The "battle bikes" fanned out from Westminster yesterday to launch the Green Party's election campaign. Compared with the helicopters and motor cavalcades favoured by the major parties, this public reliance on pedal-power was characteristically quirky and refreshing. But it also jogged our memory.

When did we last hear the Prime Minister pledging to place climate change, along with Africa, at the top of his international political agenda? When did we last hear him describe it - as he did last autumn - as one of the greatest challenges facing the planet? And how long ago was it that the Government's chief scientist, Sir David King, described global warming as a greater threat to the world than international terrorism?

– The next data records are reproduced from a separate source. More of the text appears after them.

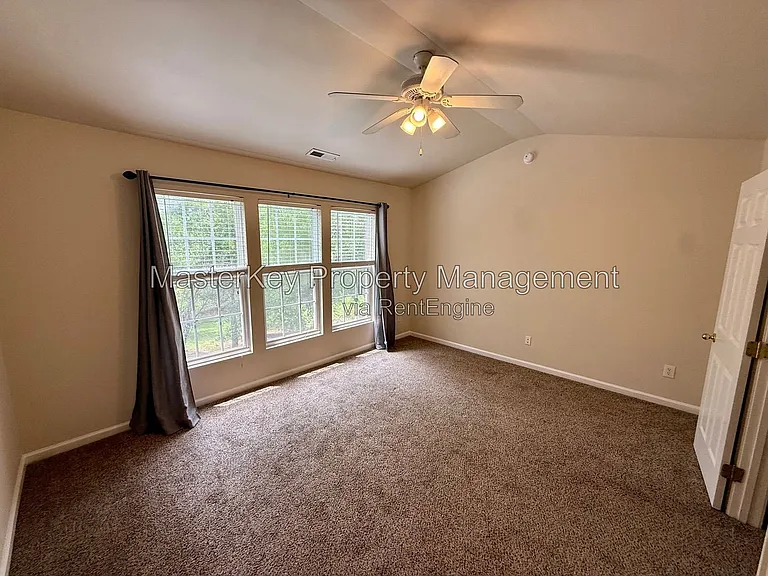 414 Walnut Woods Dr — Photo 13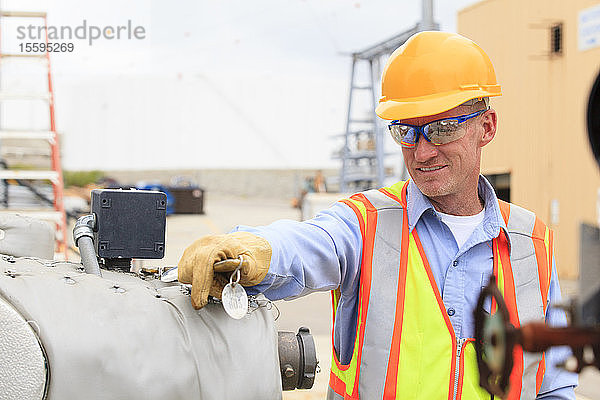 Elektroingenieur bei der Untersuchung eines Drucksensors in einem Elektrizitätswerk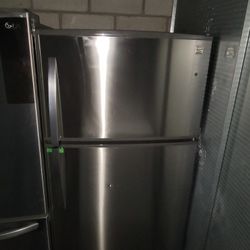 Like New Kenmore 21cu Ft Apartment Size Top Freezer Refrigerator 33" Wide In Stainless Steel 
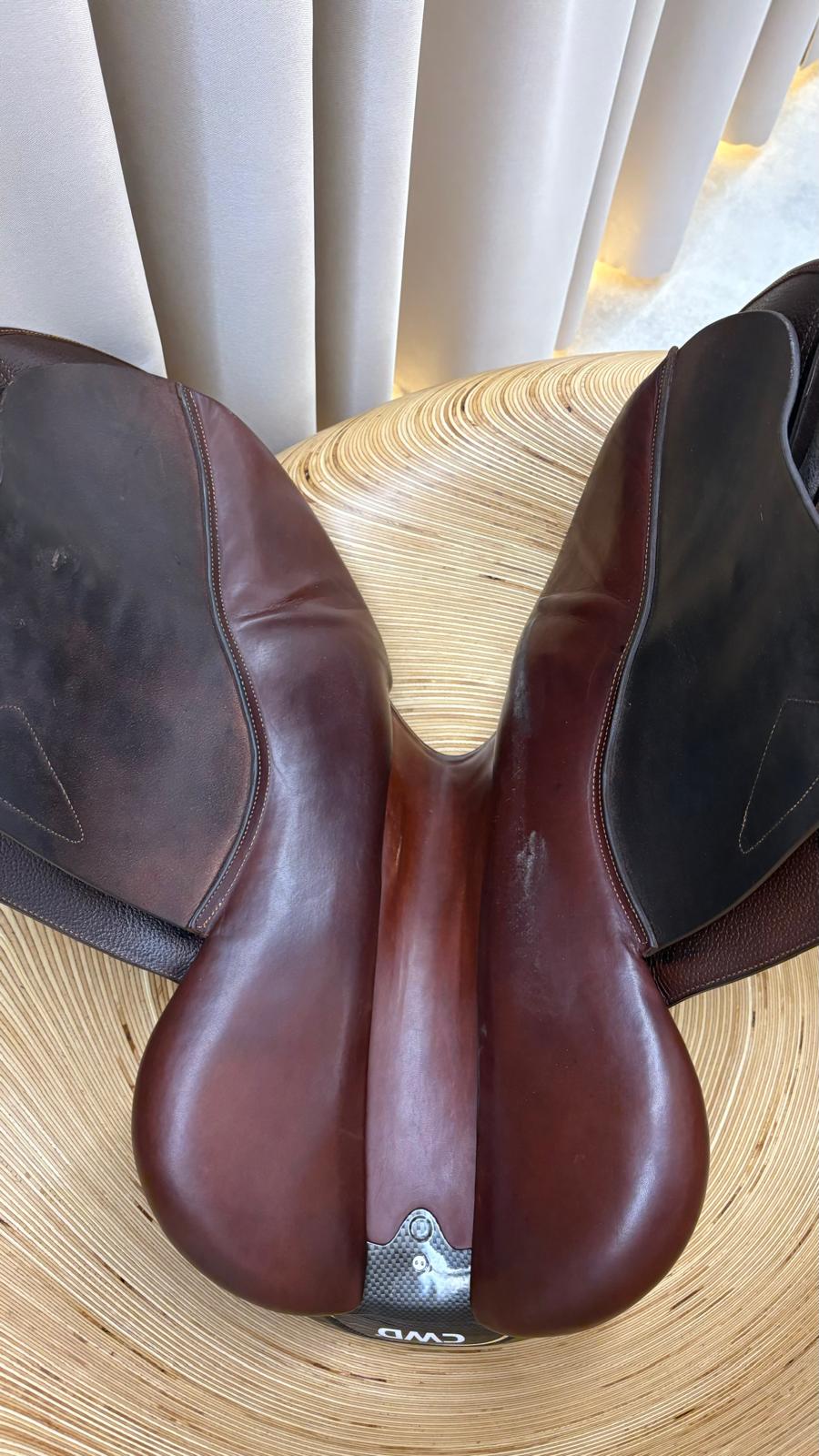 CWD Saddle custom color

Through the protracted pre-election skirmishing until now, we have heard not a whisper from either the Prime Minister or the Labour Party about the place they intend to allot to the environment in their election platform. We find this surprising, not to say profoundly disappointing.

We have heard much about the economy, about taxation and about the miracles wrought by the Chancellor. We have had select details of the manifesto dangled before us, including further reform of the health service, more money for child care and help for the multitude of "hard-working families". Much of this amounts to technocratic tweaking designed to block off areas where the Opposition might be perceived to have an advantage. There was nothing in the visionary, big-picture department and nothing that might come under even the broadest definition of "environment".

This does not mean, of course, that the environment will not feature in Labour's manifesto. We are confident that it will. Last year, Mr Blair promised that a list of green policies would be included in the manifesto - and we have no reason to doubt that. Then, two months ago, there were reports that Labour was considering an election commitment to impose tougher penalties on companies and individuals who pollute the environment, with stiff fines imposed on offenders along with the obligation to clean up the mess. The fact that we have reached this point in electoral hostilities without hearing more, however, strongly suggests that the Prime Minister is not treating the environment as the priority he led us to believe it would be not so many weeks ago.

The risk now is that the promised list of green policies in the manifesto will amount to a mere formality: fine words designed to establish the party's green credentials in voters' minds, but words without the benefit of the money and the will that would allow them to be translated into action. There must also be the suspicion that some of the Government's green-tinged zeal, at least on climate change, has a political motivation not unconnected with Iraq. Global warming and what to do about it was one of the few areas in which the British government could really separate itself very publicly from George Bush. There may also have been the calculation that a strong stance on green issues might woo back some of those voters angry about the Iraq war.

This is why the Government's next proposals on the environment need to be judged in the light of its record. For all its stated good intentions, this Government has not been as green as it often likes to boast. Initial cuts in emissions largely reflected the switch in power generation from coal to natural gas; emission levels have changed little during Labour's second term. The Government may be on course to meet its commitments under the Kyoto Treaty, but is now unlikely to meet the more ambitious targets it set itself for 2010. It has been wary of introducing new ecological requirements for cars, sent contradictory signals about road-building versus public transport, and has not addressed the environmental challenge of increased air traffic.

It has fallen short on two fronts simultaneously - on the necessary action and on the broader vision. Its manifesto commitments should be scrutinised with care.